– Так получилось, – Наталья Августовна всхлипнула. – Это было давно и… я вряд ли смогу объяснить, что на меня нашло. Это было какое-то помутнение рассудка. Нет, я не снимаю с себя ответственности! Помутнение не было полным. Я понимала, что происходит, но… ничего не могла с собой поделать. Наш роман с Брианом, отцом Генриха, длился всего несколько месяцев, но это было самое сильное переживание в моей жизни. И Генриха я оберегала не только потому, что он мой сын. Он напоминал мне о тех безумных, но счастливых днях… Простите, Смотритель, вряд ли я сумею объяснить более понятно…
– Куда уж понятнее, – хмыкнув, заметил Туманов. – Любовь зла.

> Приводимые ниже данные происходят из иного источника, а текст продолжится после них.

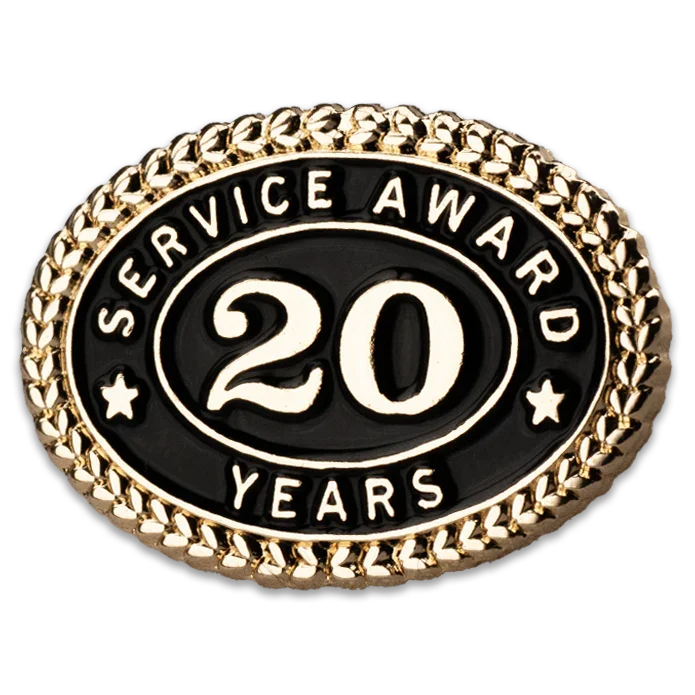 20 Years Service Award Pin Years of Service Lapel Pin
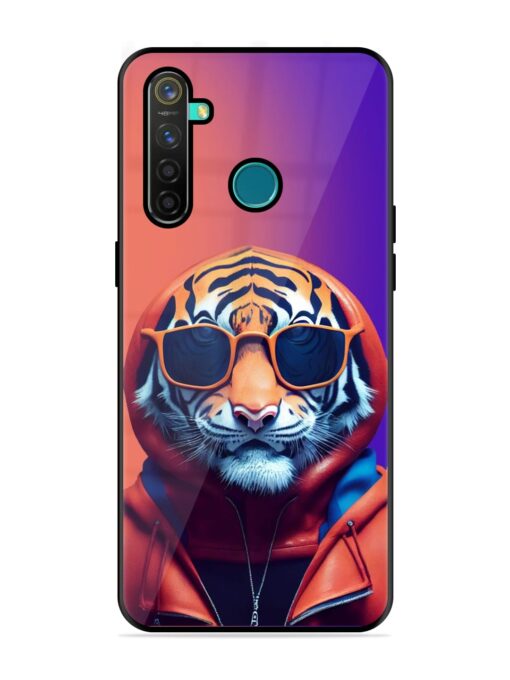 Tiger Animation Glossy Metal Phone Cover for Realme 5 Pro Zapvi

– Я терпела выходки сына, сколько могла, – виновато продолжила Натали. – До того момента, когда он принес мне бумаги мастера Шуйского. Это было дело, которое мастер завел сразу после рождения Генриха на него и фактически на меня. Я сразу поняла, что Хамелеон, который убил мастера, действовал под контролем Генриха. Больше я терпеть не стала. Но и окончательно разочаровавшись в сыне, я, как мать, все-таки не могла сдать его вам, Джонатан. Я просто оборвала с ним контакты, но этого оказалось недостаточно. Когда Генрих прислал в Цех чекистов, я поняла, что выбора у меня не осталось вовсе. Мой нейтралитет мог обернуться большой бедой для Цеха. Собственно, поэтому я позвонила вам, Джонатан, и сообщила координаты ущелья. Я понимала, что время упущено, подозревала, что без Шуйского вы можете сделать что-то неправильно, но остаться в стороне просто не могла.
– Как все скверно, – проскрипел Мартов, тоже слушавший откровения Натали. – Что ж вы сразу не признались?
– Я не думала, что так обернется! Только когда началась эпидемия, до меня дошло, что мы все натворили. Помните, Джонатан, я говорила, что помню многие документы наизусть? Когда Вечные начали дряхлеть и умирать, я вспомнила один из документов, считавшийся всего лишь легендой из древнейшего эпоса. В ней говорилось о массовом истреблении Вечных Триедиными и о неожиданном спасителе на черном коне. Раньше я тоже считала, что это лишь легенда, но теперь вижу, что мы все заблуждались. Теперь я думаю, что так называемая «легенда о триединстве» поможет спасти и гибнущих Вечных, и моих… внуков. Надеюсь, они более достойны этого, чем их отец.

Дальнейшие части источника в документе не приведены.